Reuters / U.S. agricultural banks boosted farm lending by about 14 per cent in 2012 to $81.8 billion, reflecting a strong farm economy despite drought-related stress in the livestock and dairy sectors, the American Bankers Association said on March 19.

“The agricultural sector continues to outperform the broader national economy and, as a result, farm banks posted solid performance in 2012,” the ABA said in its Farm Bank Performance Report.

It cited a U.S. Agriculture Department forecast for near-record 2012 U.S. net farm cash income of more than $133 billion on the strength of high commodity prices and increasing global demand for food.

“This has translated into a solid performance on the part of our nation’s farm banks. Farm banks reported a strong increase in earnings and improved asset quality in 2012. In addition, farm banks, as a group, remained well capitalized through 2012,” the ABA said.

The main competition for private banks in lending to farmers and ranchers remains the giant Farm Credit System, a government-linked nationwide network of co-operative banks which dates from the early 20th century.

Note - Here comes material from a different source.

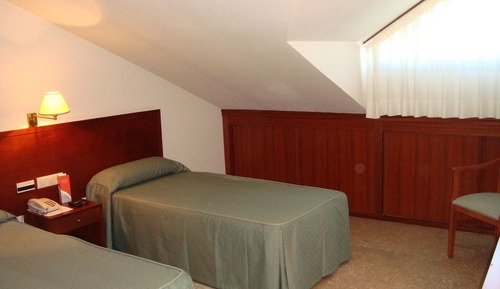 Habitación doble (Small Attic)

Farm Credit assets total more than $245 billion. The ABA said the nation’s 2,215 farm banks added more than 3,615 jobs in 2012, a 4.2 per cent increase, and employed 90,569.

More than 95 per cent of farm banks were profitable last year, with 67 per cent reporting an increase in earnings. Income before taxes and extraordinary items totalled $3.6 billion, up 7.4 per cent.

The non-performing-loan ratio declined to 1.49 per cent of total loans, close to pre-recession levels, it said. “Farm real estate loans grew at a faster rate than farm production loans. Outstanding farm production loans grew at a pace of 13.7 per cent, or $4.8 billion, to a total of $40.0 billion. Farmland loans rose by 14.0 per cent, or $5.1 billion, to $41.8 billion,” the ABA said.

Farm business balance sheets improved due to strong farm income and the continued appreciation in farmland values. The farm debt-to-asset ratio is projected to fall 40 basis points to 10.2 per cent in 2013.

This would be a new historical low, confirming the strength of the farm sector’s solvency, the association said.

“The continued growth in farm loans demonstrates the important role banks play in the success of farms and ranches both large and small,” said John Blanchfield, senior vice-president and director of ABA’s Center for Agricultural and Rural Banking.